I am quite new to Hibernate / JPA persistence and am trying to find how to obtain the ID of an inserted record in the database via the new object I create to do so.
I am using Hibernate 4.0.4 and am utilising hibernates session API as opposed to the EntityManager.
User class
#Entity
#Table(name = "users")
public class User implements Serializable {
private String email;
private String firstName;
private int id;
private String lastName;
private String password;
#Column(name = "email", nullable = false, unique = true)
public String getEmail() {
return email;
}
#Column(name = "firstName", nullable = false)
public String getFirstName() {
return firstName;
}
#Id
#Column(name = "id")
public int getId() {
return id;
}
#Column(name = "lastName")
public String getLastName() {
return lastName;
}
#Column(name = "password", nullable = false)
public String getPassword() {
return password;
}
public void setEmail(String email) {
this.email = email;
}
public void setFirstName(String firstName) {
this.firstName = firstName;
}
public void setHeroes(List<Hero> heroes) {
this.heroes = heroes;
}
public void setId(int id) {
this.id = id;
}
public void setLastName(String lastName) {
this.lastName = lastName;
}
public void setPassword(String password) {
this.password = password;
}
}
Execution code - attempt 1
User user = new User();
user.setEmail((String) arg.get("email"));
user.setFirstName((String) arg.get("firstName"));
user.setLastName((String) arg.get("lastName"));
user.setPassword(Password.getSaltedHash((String) arg.get("password")));
Transaction tx = sessionFactory.getCurrentSession().beginTransaction(); //committed later on...
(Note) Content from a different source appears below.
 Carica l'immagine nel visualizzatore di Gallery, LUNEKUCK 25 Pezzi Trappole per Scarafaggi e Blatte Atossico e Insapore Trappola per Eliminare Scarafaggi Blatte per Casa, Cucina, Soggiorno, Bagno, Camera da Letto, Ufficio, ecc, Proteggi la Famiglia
int id = (Integer) sessionFactory.getCurrentSession().save(user); //This always returns 0 even though inserted rows in database have IDs as expected
Execution code - attempt 2
//Same as before for defining user...
Transaction tx = sessionFactory.getCurrentSession().beginTransaction(); //commited later on...
user = (User) sessionFactory.getCurrentSession().merge(user);
int id = user.getId(); //This also always returns 0 even though the rows are being inserted into the database as expected
So my question is:
How can I successfully persist the user object to the database and obtain the ID of the record through that user object?
There are different kind of id columns. I suppose you want to get generated values, check out the different options of the #GeneratedValue annotation in combination with #Id.
As far as I know GenerationType.AUTO is able to auto-update your id field after storing it in the database. But you probably have to call a "flush()" before using the id-getter.
My best practice is to try to not depend on the technical Id of an object. If you need it for relations between objects, than you should definitely prefer to use #OneToMany, etc.